Ciò premesso, si domanda quale sia l’attuale stato di definizione del «Piano Casa Italia» con l’indicazione dei tempi certi di adozione dei decreti attuativi e di quanti alloggi verranno completati ogni singolo anno di operatività del Piano.
Il sottosegretario Ferrante, nella sua risposta, ha assicurato che il Governo sta completando il lavoro di predisposizione del relativo impianto programmatorio. In tale contesto, un passaggio fondamentale è stato segnato dalla legge 30 dicembre 2025, n. 199 che ha ricondotto in un quadro unitario le risorse già stanziate con le precedenti leggi di bilancio, quantificando in 970 milioni di euro la dotazione attualmente disponibile per le finalità del Piano.
Ha inoltre annunciato che lo schema di DPCM necessario all’avvio operativo del Piano è in fase avanzata di predisposizione presso gli uffici tecnici competenti. Inoltre, starebbe proseguendo la messa a terra dei programmi già finanziati, tra cui il PINQuA del PNRR, che consente la riqualificazione di 10.000 alloggi pubblici, e il programma «Sicuro, verde e sociale» del PNC che si propone di riqualificare complessivamente 27.371 alloggi entro dicembre 2026. Inoltre, il Ministero starebbe valutando l’utilizzo di risorse PNRR – orientativamente quantificate in 1 miliardo di euro – per la ristrutturazione di circa 60.000 alloggi di edilizia residenziale pubblica attualmente non fruibili per carenza di manutenzione. In tale contesto, una delle prime azioni riguarda la riforma delle Aziende Casa, che dovranno diventare strutture più autonome e operative, in grado di collaborare anche con il Terzo Settore.
Ferrante ha tracciato gli elementi caratteristici del Piano Casa, il quale promuove nuovi modelli abitativi, come co-housing, senior housing, mixité e soluzioni intergenerazionali, pensati per adattarsi ai cambiamenti sociali e alle esigenze emergenti. Ulteriore passaggio di interesse, nella sua risposta, attiene alla spinta ai partenariati pubblico-privati, al fine di superare l’idea che l’edilizia sociale debba poggiare esclusivamente sulla spesa pubblica. Le risorse statali diventano così uno strumento per attrarre investimenti aggiuntivi e ampliare la capacità di intervento. A questo si aggiunge l’introduzione di formule di housing con riscatto progressivo, rivolte soprattutto alla cosiddetta «fascia grigia»: famiglie e giovani che non riescono ad accedere a un mutuo ma non rientrano nei criteri dell’edilizia popolare.

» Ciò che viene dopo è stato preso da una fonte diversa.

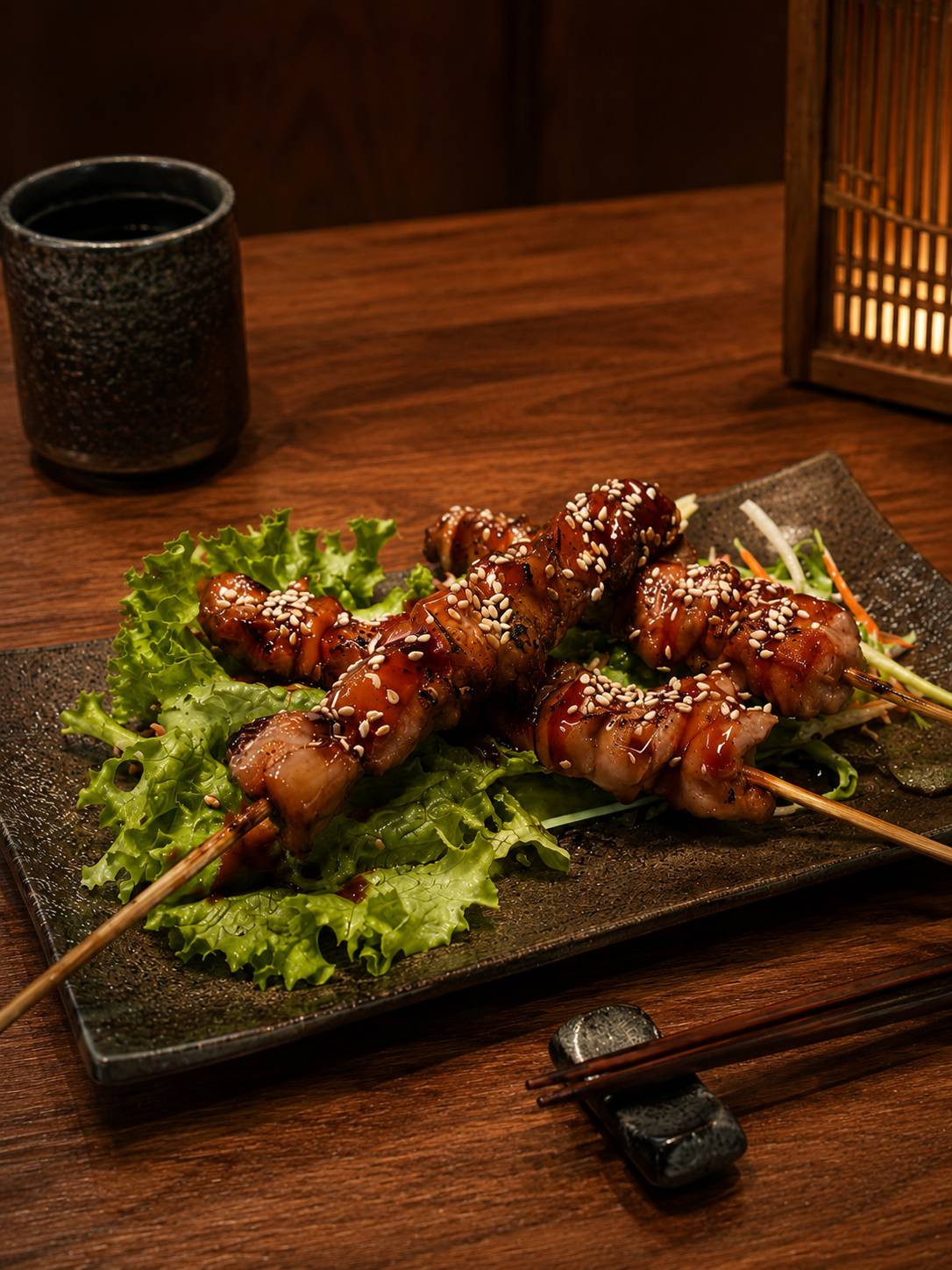 Yakitori Hähnchen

Infine, il sottosegretario ha ricordato il Fondo stabile, con una dotazione di 20 milioni di euro all’anno a partire dal 2026, destinato ai genitori separati che non hanno la casa familiare ma hanno figli a carico. La capacità di intervento sarebbe destinata a consolidarsi progressivamente, con una fase iniziale dedicata soprattutto all’impostazione operativa e all’organizzazione dei processi, seguita da un ampliamento delle attività volta a raggiungere livelli produttivi significativi, fino a diverse migliaia di alloggi all’anno tra nuove realizzazioni e interventi di recupero.